This discussion has been locked.

You can no longer post new replies to this discussion. If you have a question you can start a new discussion

Screen Dark working with FBOs

Note: This was originally posted on 7th November 2010 at http://forums.arm.com

Hi Guys,

Trying to port an akready well running Sw from Fedora PC to the Mali400 on ST7108 chip, with GLES-2.0, I got a problem working with Framebuffer Objects.
Everything is ok, debugging ok, framebuffer objects completes, no errors, but the screen remains completely dark.
My environment on Mali/ST7108 is OK, other applications can run nicely.

But I think to have not completely understood (or better: not understood at all) how to set display and surfaces while working woth FBOs (maybe the problem could be also found somewhere else)

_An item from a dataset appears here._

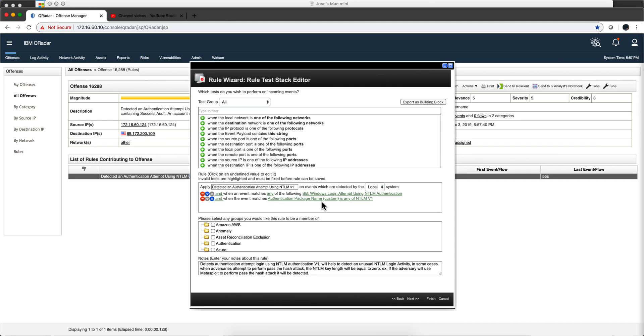If it does, it can be a malicious thing. However, if you have a lot of old devices running in your environment that still use NTLM version 1, I wouldn't recommend you to put this rule because it is going to generate a ton of false positives.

Basic setting is more or less as below, where I have put only the relevant setting and call for Display and Surfaces.

In does seem that the eglSwapBuffers does't work at all while working with FBOs
(even a monocolor screen cannot be seen...).
In contrast, while working out of FBOs, everything seems to be ok.

After binding with glBindFramebuffer(GL_FRAMEBUFFER,0), then everything is working and can be displayed.

In contrast, after glBindFramebuffer(GL_FRAMEBUFFER, framebuffer), I cannot see anything after he eglSwapBuffers, even if the debug seems to be ok.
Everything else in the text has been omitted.